### PROBLEM REQUIREMENTS
Nothing may be dropped or altered: reproduce all the data.

—————

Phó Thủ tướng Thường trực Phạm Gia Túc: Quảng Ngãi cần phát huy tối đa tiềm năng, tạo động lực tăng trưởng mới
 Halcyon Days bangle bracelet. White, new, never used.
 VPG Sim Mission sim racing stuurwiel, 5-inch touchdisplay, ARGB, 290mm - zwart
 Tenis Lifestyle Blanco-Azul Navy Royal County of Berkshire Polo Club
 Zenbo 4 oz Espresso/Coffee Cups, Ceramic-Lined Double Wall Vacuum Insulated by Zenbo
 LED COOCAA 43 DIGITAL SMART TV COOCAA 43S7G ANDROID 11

—————

### TASK OUTPUT
Phó Thủ tướng Thường trực Phạm Gia Túc: Quảng Ngãi cần phát huy tối đa tiềm năng, tạo động lực tăng trưởng mới
 Halcyon Days bangle bracelet. White, new, never used.
 VPG Sim Mission sim racing stuurwiel, 5-inch touchdisplay, ARGB, 290mm - zwart
 Tenis Lifestyle Blanco-Azul Navy Royal County of Berkshire Polo Club
 Zenbo 4 oz Espresso/Coffee Cups, Ceramic-Lined Double Wall Vacuum Insulated by Zenbo
 LED COOCAA 43 DIGITAL SMART TV COOCAA 43S7G ANDROID 11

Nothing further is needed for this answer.